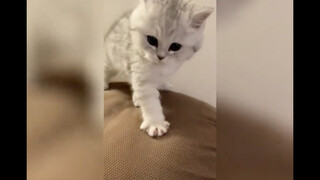 When you are weak enough, even anger looks cute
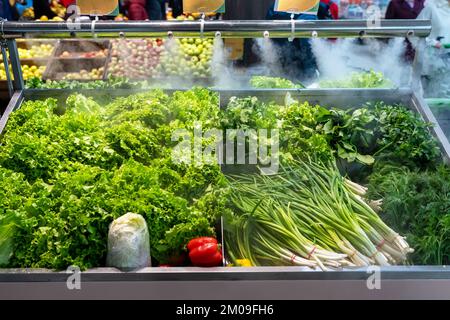 Vendita di verdure fresche verdi - insalata di lattuga, prezzemolo, aneto, cipolle verdi, erbe aromatiche. Erbe fresche in esposizione presso il negozio di alimentari sotto il vapore di acqua di raffreddamento. Foto Stock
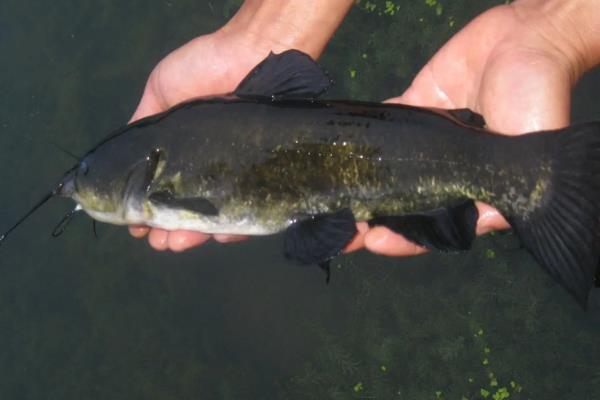 丁桂鱼养殖技术和方法,附丁桂鱼的特点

### Task prompt
With images omitted, output the data exactly as given.

### Solution
 When you are weak enough, even anger looks cute
 Vendita di verdure fresche verdi - insalata di lattuga, prezzemolo, aneto, cipolle verdi, erbe aromatiche. Erbe fresche in esposizione presso il negozio di alimentari sotto il vapore di acqua di raffreddamento. Foto Stock
 丁桂鱼养殖技术和方法,附丁桂鱼的特点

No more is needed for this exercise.